> What you should do:
What is needed is a faithful copy of all the entries, with no pictures in it.

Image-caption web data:
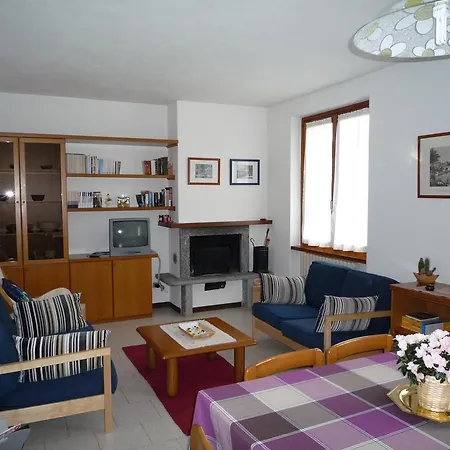 בית נופש Casa Ortensia מנאג'יו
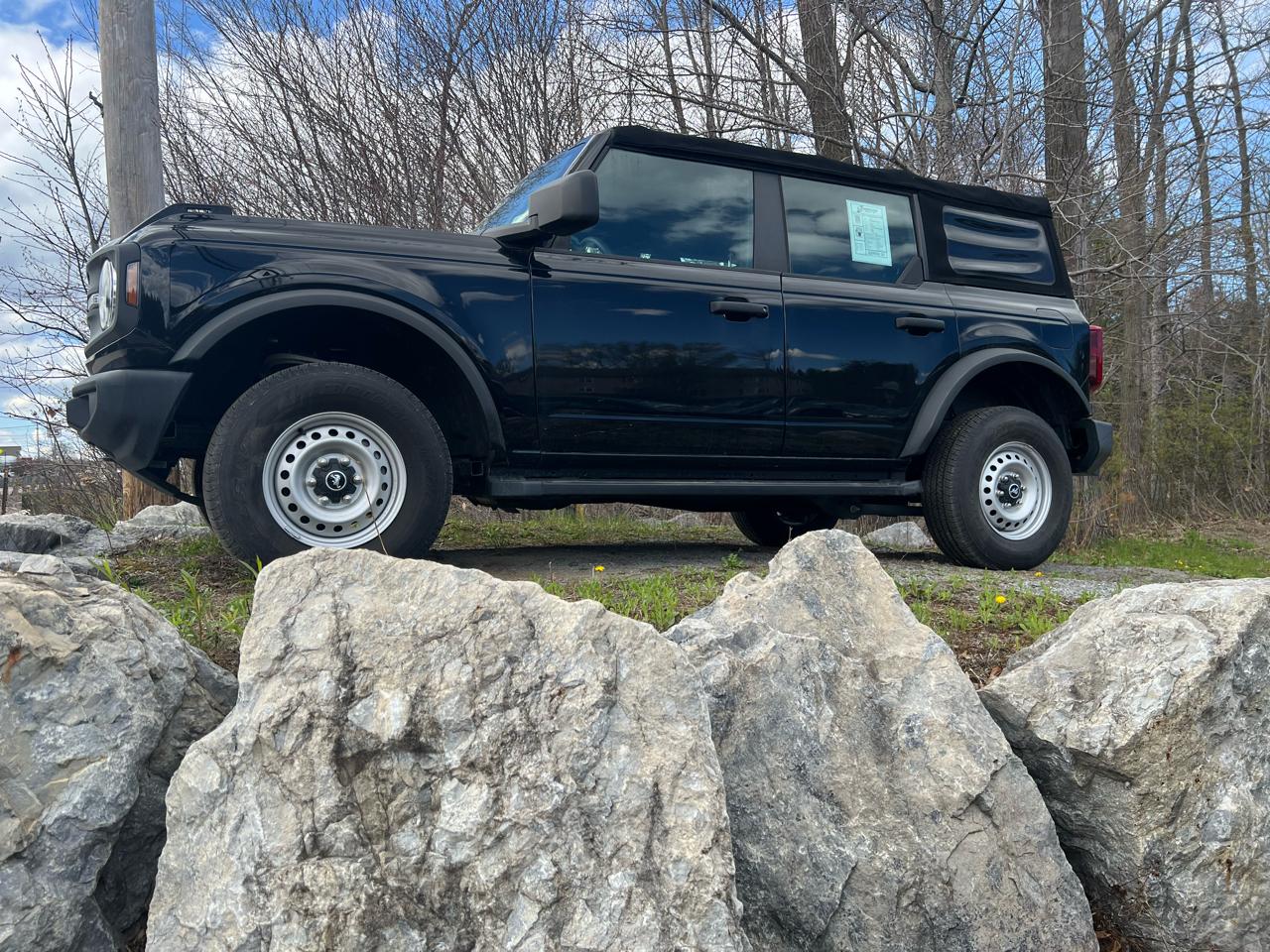 Ford Bronco Base 4D SUV 2022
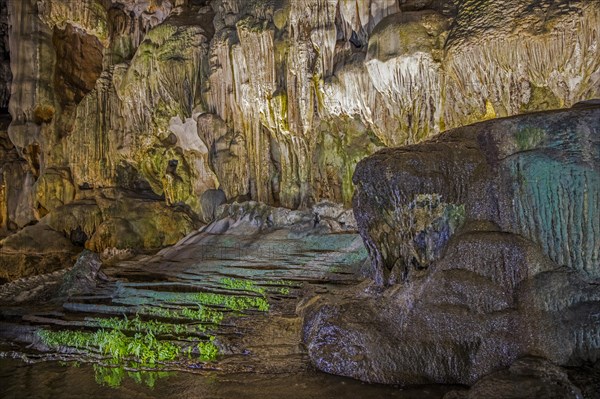 Interior of the Thien Cung cave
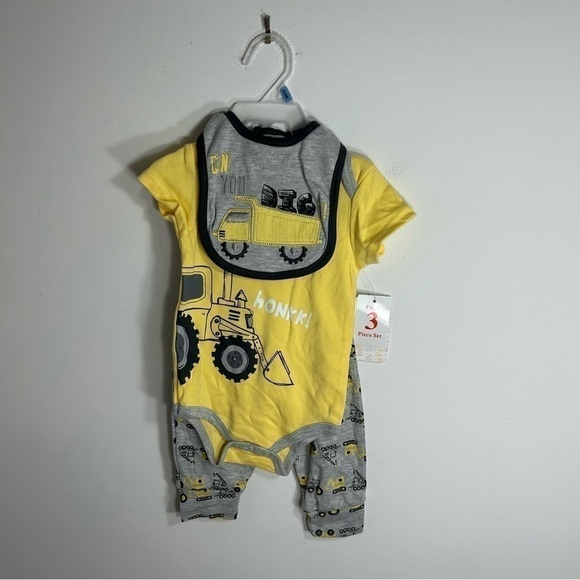 Construction Baby Outfit NWT 6-9 mos Dump Truck Can You Dig Yellow Gray Bib - Picture 3 of 4
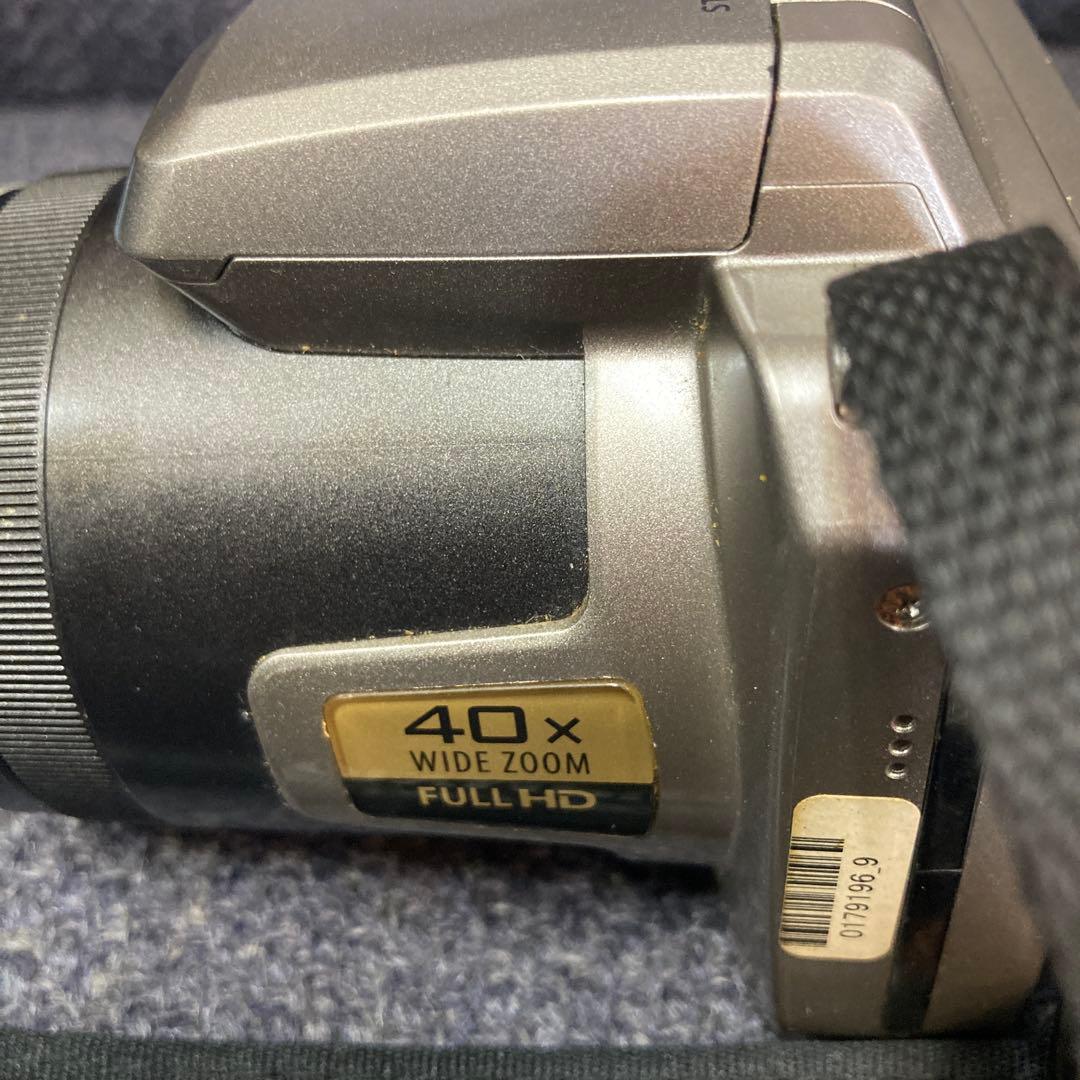 OLYMPUS SP-820UZ カメラ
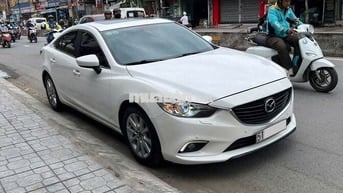 Mazda 6 2016 số tự động màu trắng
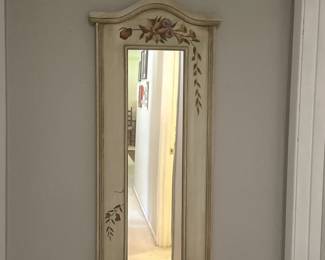 Decorative mirror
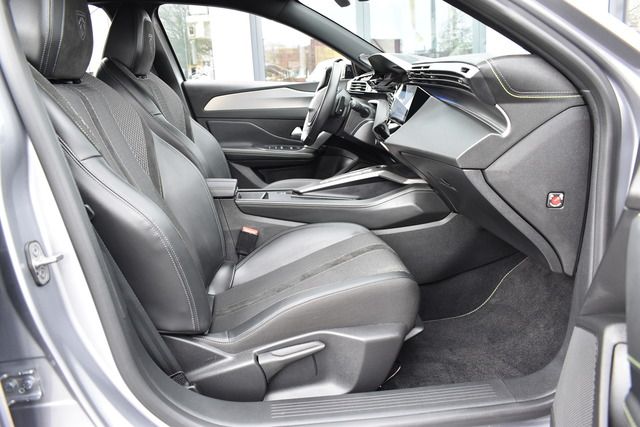 Fahrzeugabbildung Peugeot 308 GT PT 130 EAT8 FOCAL*MATRIX*CARPLAY*MY2024*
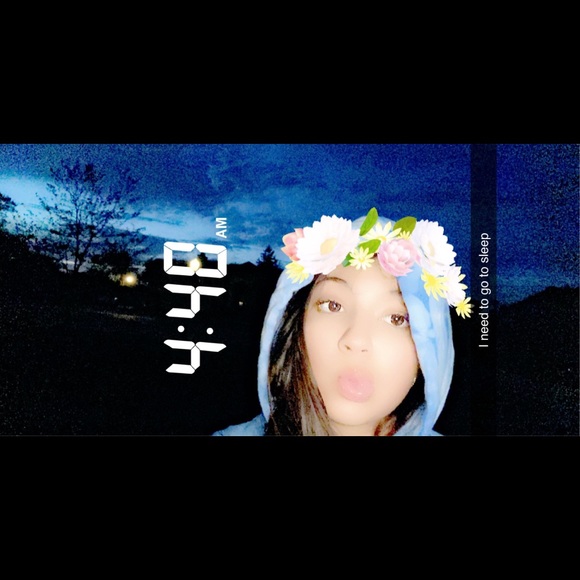 Meet your Posher, Adriana - Picture 5 of 5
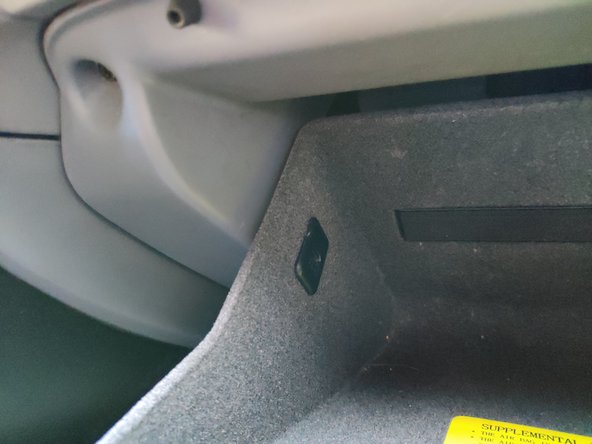 Vérifier que les butées gauche et droite sont bien clipsées.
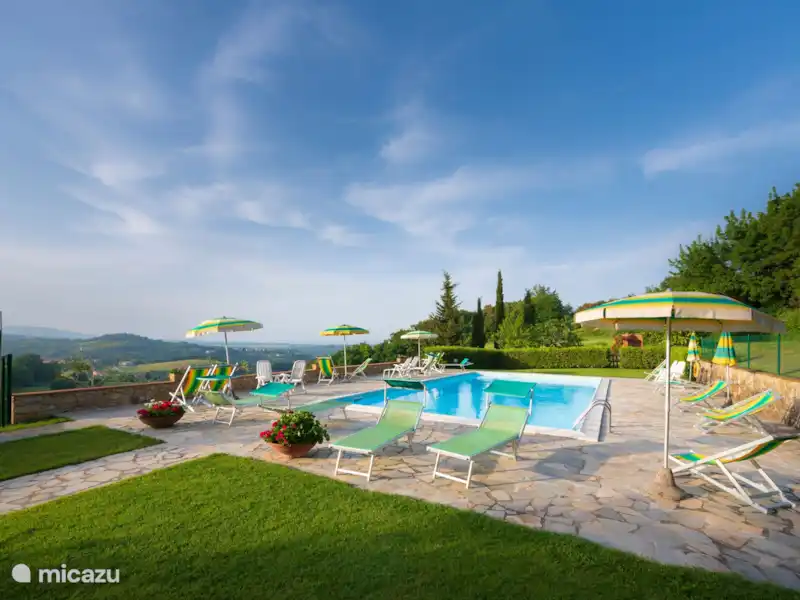 Appartement Gelso - Monti 1824 huren in Italië, Toscane, Casole d`Elsa - Vakantiehuis Appartement Gelso - Monti 1824 huren in Italië, Toscane, Casole d`Elsa - Vakantiehuis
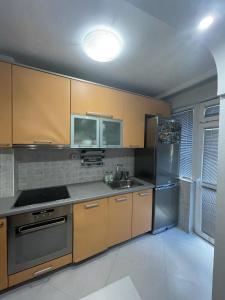 Two bedroom apartment in central with garage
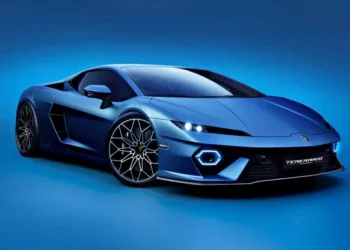 Father’s Unmatched Love: Gifts Son a Lamborghini Huracan Tecnica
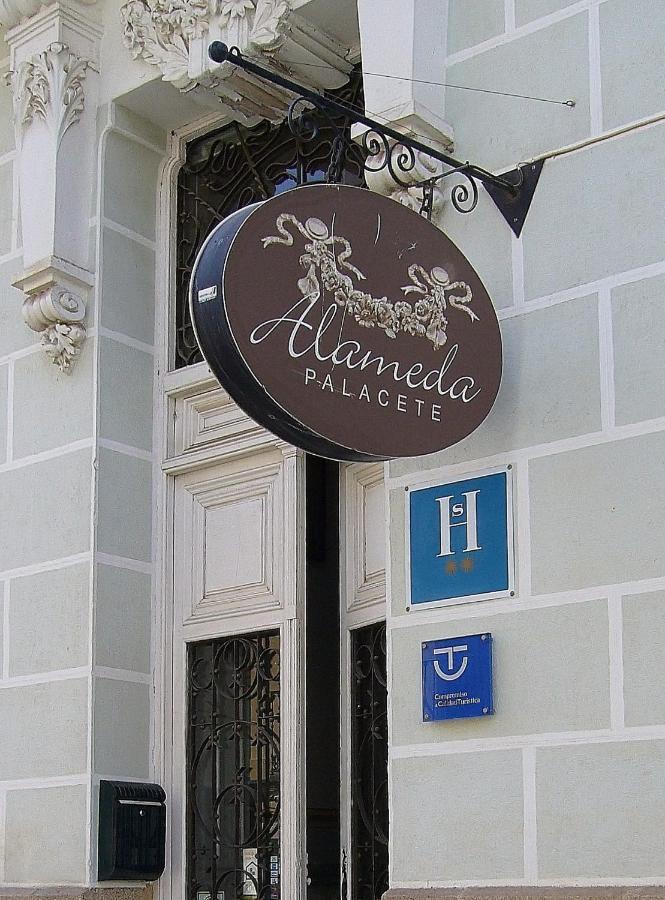 Alameda Palacete Caces Kültér fotó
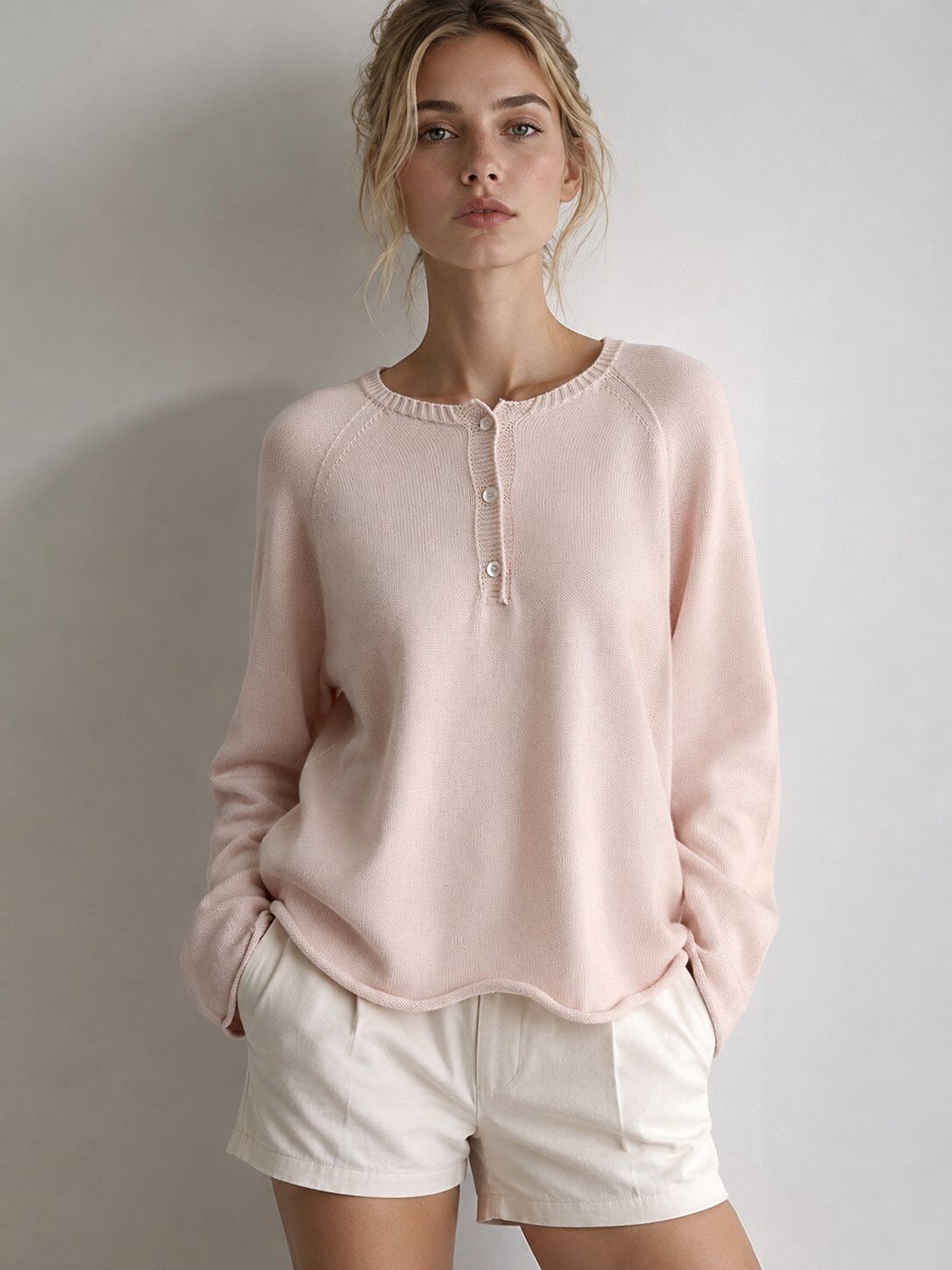 Grossista Sunny Knit - Maglione Henley in maglia morbida 100% cotone per donna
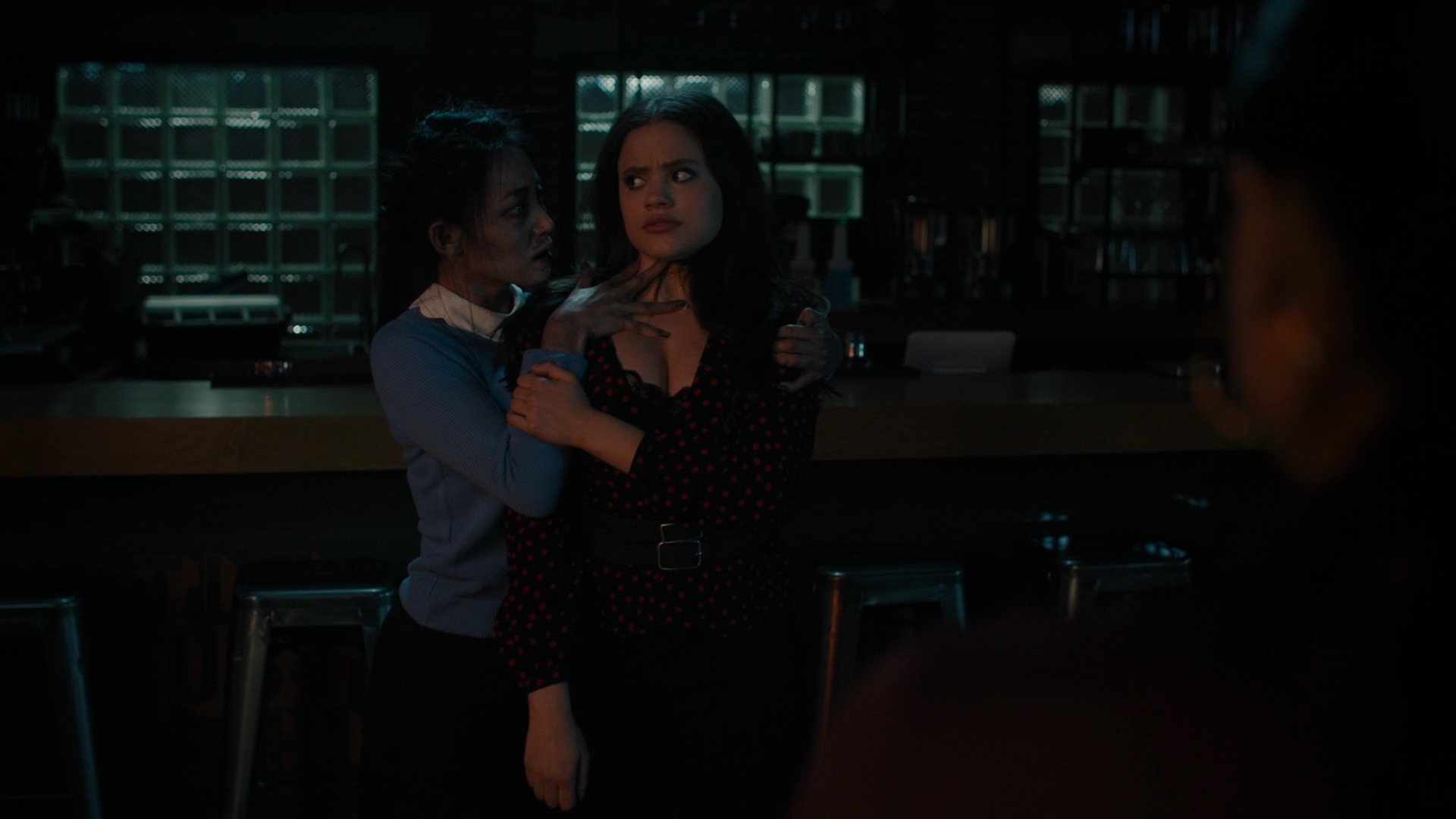Charmed-Online-dot-nl_Charmed2x10CurseWords1959.jpg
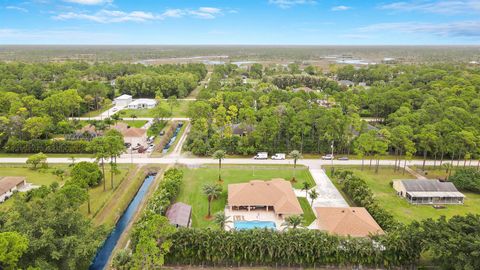 A home in Loxahatchee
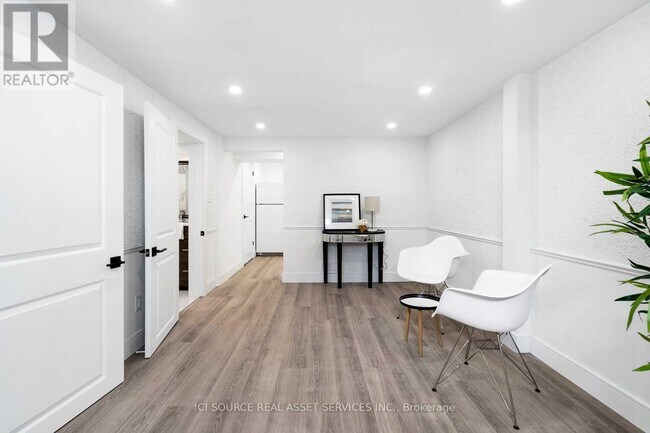 Photo du bâtiment - 411 Enfield Rd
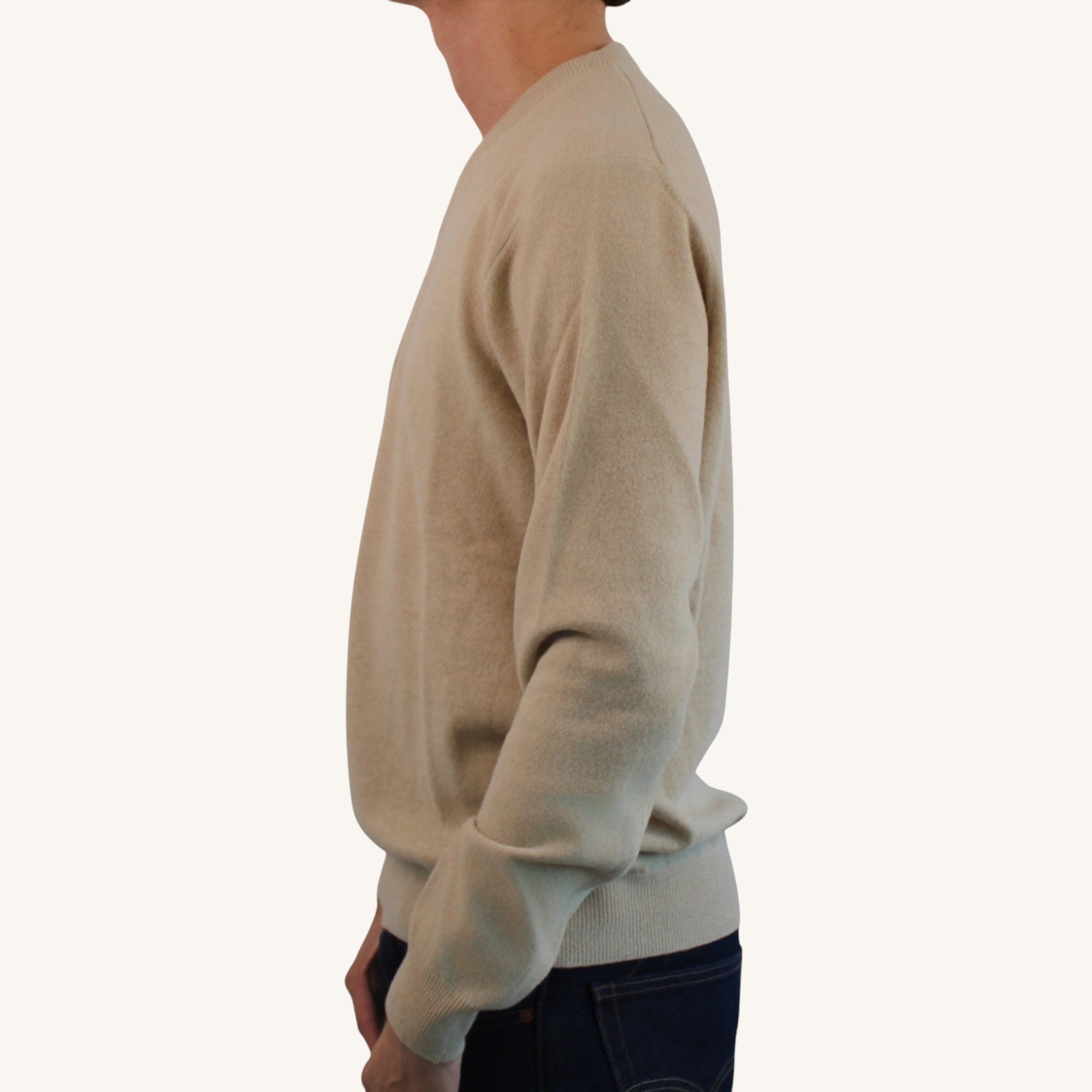 V-neck cashmere sweater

> Answer box:
 בית נופש Casa Ortensia מנאג'יו
 Ford Bronco Base 4D SUV 2022
 Interior of the Thien Cung cave
 Construction Baby Outfit NWT 6-9 mos Dump Truck Can You Dig Yellow Gray Bib - Picture 3 of 4
 OLYMPUS SP-820UZ カメラ
 Mazda 6 2016 số tự động màu trắng
 Decorative mirror
 Fahrzeugabbildung Peugeot 308 GT PT 130 EAT8 FOCAL*MATRIX*CARPLAY*MY2024*
 Meet your Posher, Adriana - Picture 5 of 5
 Vérifier que les butées gauche et droite sont bien clipsées.
 Appartement Gelso - Monti 1824 huren in Italië, Toscane, Casole d`Elsa - Vakantiehuis Appartement Gelso - Monti 1824 huren in Italië, Toscane, Casole d`Elsa - Vakantiehuis
 Two bedroom apartment in central with garage
 Father’s Unmatched Love: Gifts Son a Lamborghini Huracan Tecnica
 Alameda Palacete Caces Kültér fotó
 Grossista Sunny Knit - Maglione Henley in maglia morbida 100% cotone per donna
Charmed-Online-dot-nl_Charmed2x10CurseWords1959.jpg
 A home in Loxahatchee
 Photo du bâtiment - 411 Enfield Rd
 V-neck cashmere sweater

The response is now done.